Creon is given many chances throughout the film to change from stubborn tyrant to humble citizen—one who is equal and open-minded with everyone else. His first opportunity to change occurs through the exchange of words he has with his son, Haemon. Haemon attempts to persuade his father to free Antigone by stimulating his mind to reason. He graciously tells his father that he respects him, and that he will submit to his will if it be just. However, Haemon does not believe his father's will is just, and attempts to open his mind to other truths that exist outside his narrow perspective—namely, the truth of what Antigone did for her brother was noble and laudable. Haemon also gives a metaphor to what will happen to his father if he does not submit to humility: "Pliant trees survive even the fiercest storms. But rigid trees will break and collapse in the slightest wind." Even hearing the Chorus say that the words of his son are worth giving attention to, Creon is too dogmatic at this point. It's going to take a lot more to change his heart.

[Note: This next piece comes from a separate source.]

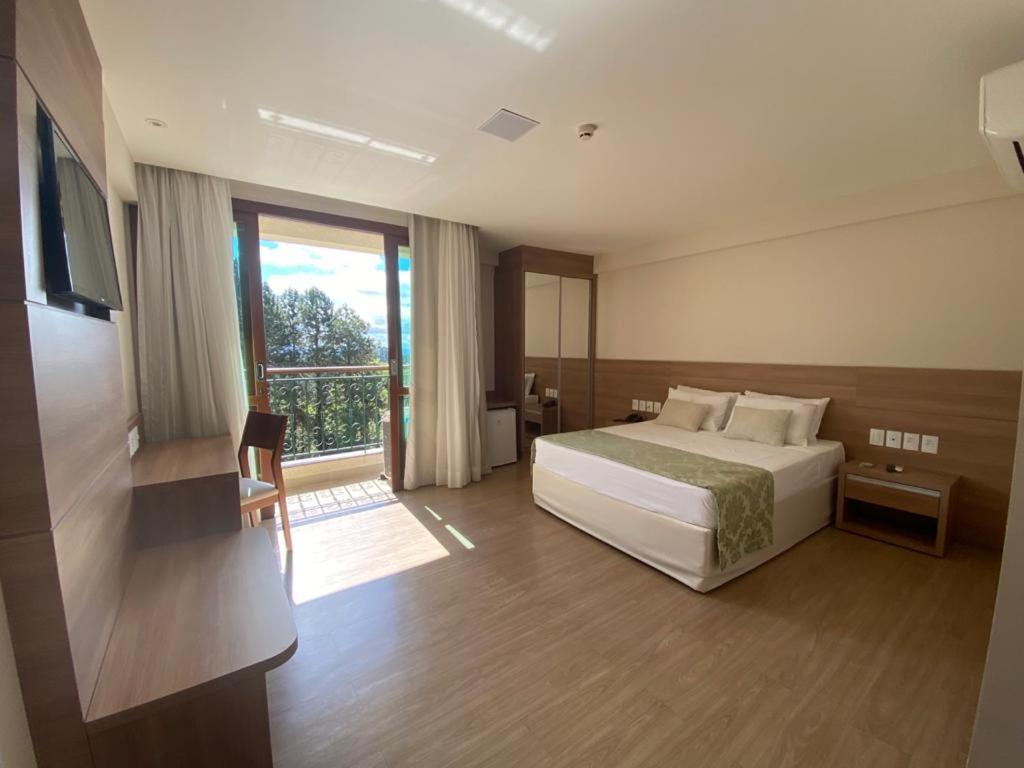 Hotel Vista Azul Es Домингус-Мартинс Экстерьер фото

His second opportunity to change is given to him through Antigone's last testimony before she is sentenced to dwell forever in the cave. Feeling that death is about to overtake her, she cries out to Creon, asking him what she has done wrong—what law she has broken. She admits that if her action is wrong, she will repent of her sins. But she also admits and prophesies that if her accuser is wrong, that the same death and curse placed upon her will also come upon him. This is a foreshadow of what was yet to take place to Creon, a man who continued to act as the rigid tree his son earlier warned him about (kind of like an Abinadi moment). Still, Creon is set in his ways and refuses to renounce his unrighteous judgments.

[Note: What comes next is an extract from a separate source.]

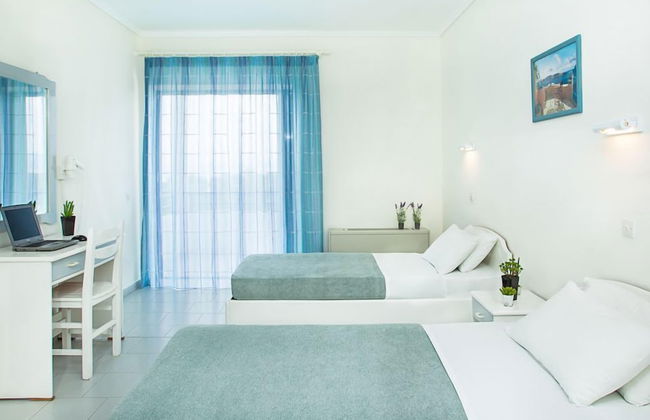 Xenios Port Marina Hotel - Foto 13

His third opportunity to change seems to be the most effective in softening his heart. Knowing that the prophet has never been wrong about any foretold prediction, the blind prophet foretells the terrible fate that lies at Creon's discretion if he does not change. These words carry heavy weight into Creon's heart, causing him to now consider freeing Antigone and burying Polynices.

The fourth opportunity comes from the Chorus. Upon contemplating the prophet's words, Creon announces, "Tell me what I must do and I will do it." The Chorus reproaches the king and tells him that he must free Antigone and bury Polynices in order for the curse to be removed. However, by the time he acts on this advice—which was the advice he was given all along—it is too late. Antigone, Haemon, and his wife all end up killing themselves as a result of Creon's procrastination. He now finds himself in a world of pain, having finally learned to comply with obedience through the things in which he suffered, but was now too late to do anything about. The last scene where Creon is escorted outside the walls of the kingdom produced a haunting image for me in what will happen to those who procrastinate the day of their repentance. Those who do so will, in a like manner, be escorted outside the celestial gates by the sentinels that guard them—keeping the impure and unholy out.